→ Your assignment
Any pictures in the records below must be left out when you repeat the lines from the line containing "Ophrys exaltata subsp." through the line containing "Variegated leaves golden" exactly.

→ Information
•••

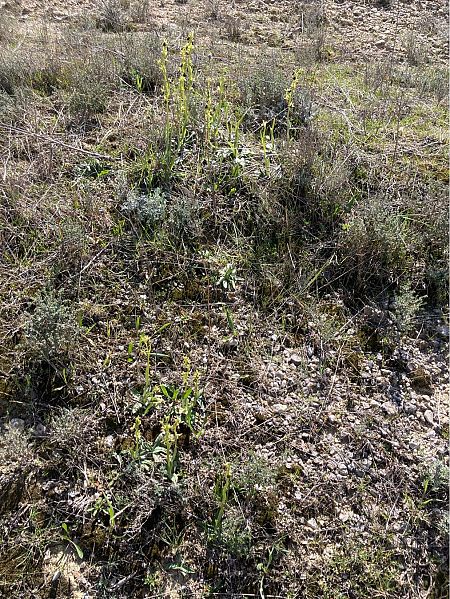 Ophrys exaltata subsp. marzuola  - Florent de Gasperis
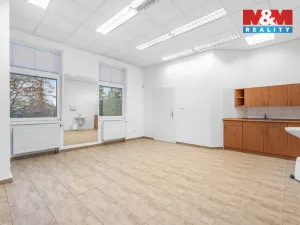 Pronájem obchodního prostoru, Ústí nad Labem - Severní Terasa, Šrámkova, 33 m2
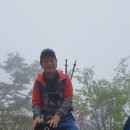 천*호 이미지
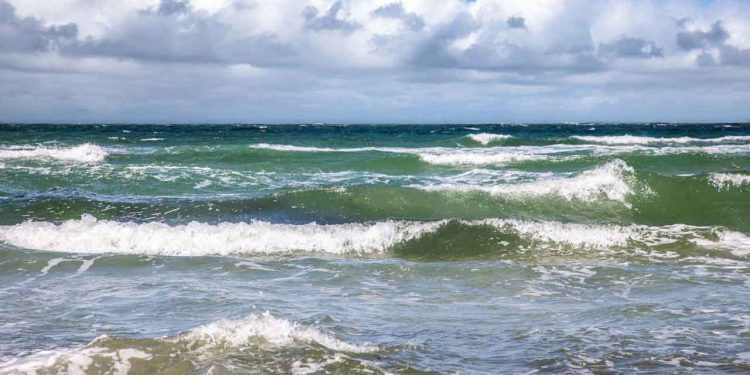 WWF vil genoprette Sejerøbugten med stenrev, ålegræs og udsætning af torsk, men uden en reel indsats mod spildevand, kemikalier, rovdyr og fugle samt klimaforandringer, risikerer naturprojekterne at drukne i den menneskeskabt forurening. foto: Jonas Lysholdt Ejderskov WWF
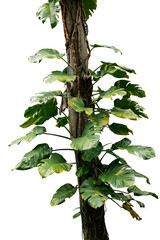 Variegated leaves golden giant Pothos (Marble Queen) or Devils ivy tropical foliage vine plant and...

•••

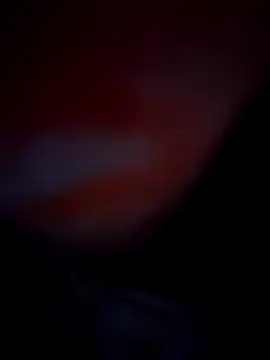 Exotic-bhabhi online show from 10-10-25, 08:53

•••

→ Solution to this exercise
 Ophrys exaltata subsp. marzuola  - Florent de Gasperis
 Pronájem obchodního prostoru, Ústí nad Labem - Severní Terasa, Šrámkova, 33 m2
 천*호 이미지
 WWF vil genoprette Sejerøbugten med stenrev, ålegræs og udsætning af torsk, men uden en reel indsats mod spildevand, kemikalier, rovdyr og fugle samt klimaforandringer, risikerer naturprojekterne at drukne i den menneskeskabt forurening. foto: Jonas Lysholdt Ejderskov WWF
 Variegated leaves golden giant Pothos (Marble Queen) or Devils ivy tropical foliage vine plant and...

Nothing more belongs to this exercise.